[Task statement]: The records below must be output exactly, with no images carried over.

[Records supplied]:
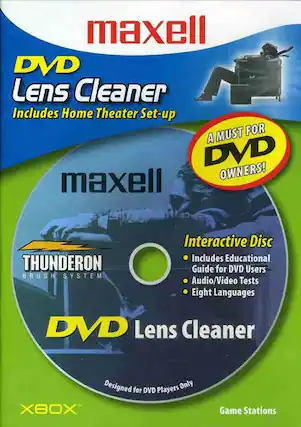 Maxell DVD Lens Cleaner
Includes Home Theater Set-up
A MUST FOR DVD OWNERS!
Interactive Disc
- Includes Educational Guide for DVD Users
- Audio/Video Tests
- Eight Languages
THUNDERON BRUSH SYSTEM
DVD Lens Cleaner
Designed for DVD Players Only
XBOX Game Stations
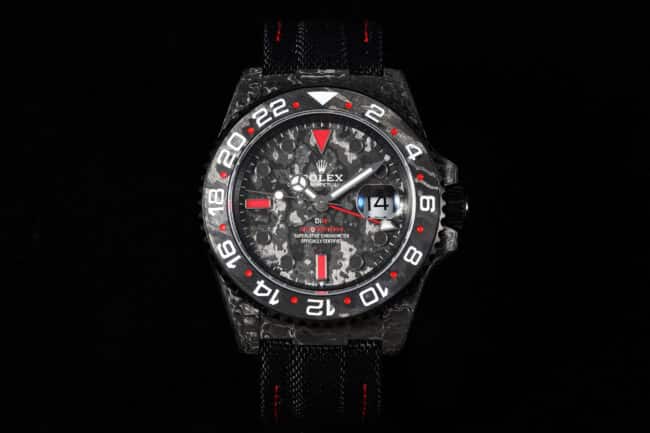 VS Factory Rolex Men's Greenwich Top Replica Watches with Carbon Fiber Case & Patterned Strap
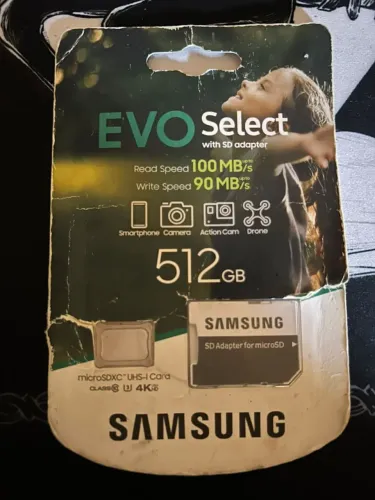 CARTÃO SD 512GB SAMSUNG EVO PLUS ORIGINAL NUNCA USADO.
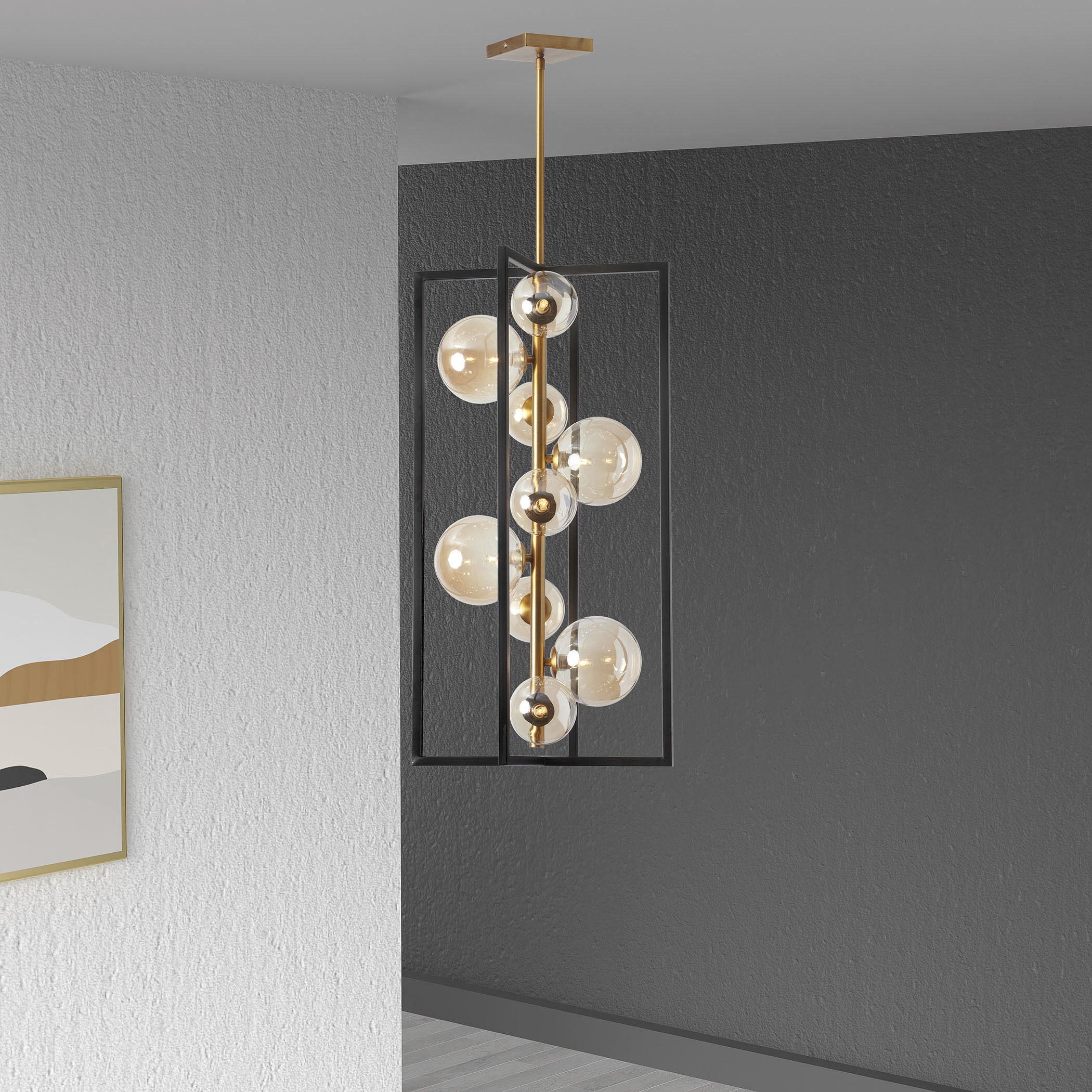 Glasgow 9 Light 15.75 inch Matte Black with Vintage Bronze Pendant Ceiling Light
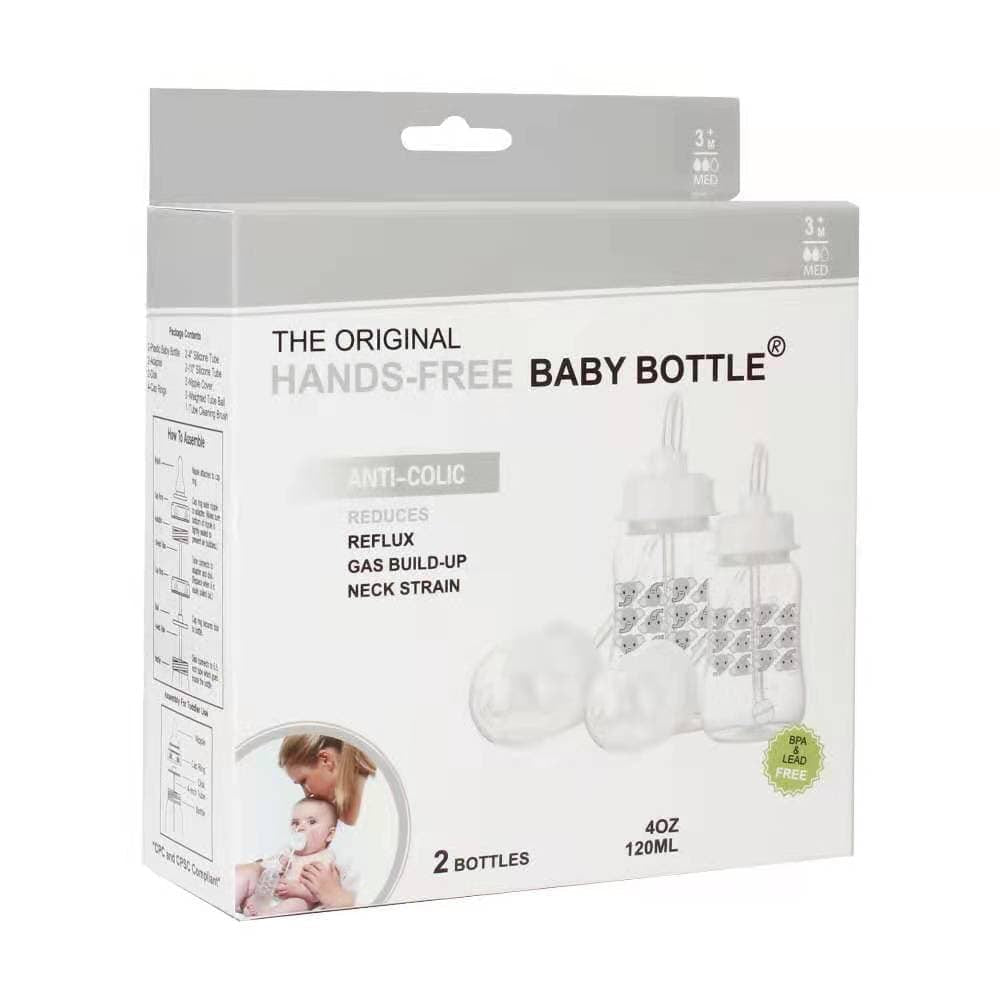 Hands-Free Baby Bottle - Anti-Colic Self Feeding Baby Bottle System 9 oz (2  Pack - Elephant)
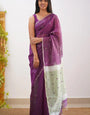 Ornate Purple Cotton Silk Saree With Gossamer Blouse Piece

[Exercise response]:
 Maxell DVD Lens Cleaner
Includes Home Theater Set-up
A MUST FOR DVD OWNERS!
Interactive Disc
- Includes Educational Guide for DVD Users
- Audio/Video Tests
- Eight Languages
THUNDERON BRUSH SYSTEM
DVD Lens Cleaner
Designed for DVD Players Only
XBOX Game Stations
 VS Factory Rolex Men's Greenwich Top Replica Watches with Carbon Fiber Case & Patterned Strap
 CARTÃO SD 512GB SAMSUNG EVO PLUS ORIGINAL NUNCA USADO.
 Glasgow 9 Light 15.75 inch Matte Black with Vintage Bronze Pendant Ceiling Light
 Hands-Free Baby Bottle - Anti-Colic Self Feeding Baby Bottle System 9 oz (2  Pack - Elephant)
 Ornate Purple Cotton Silk Saree With Gossamer Blouse Piece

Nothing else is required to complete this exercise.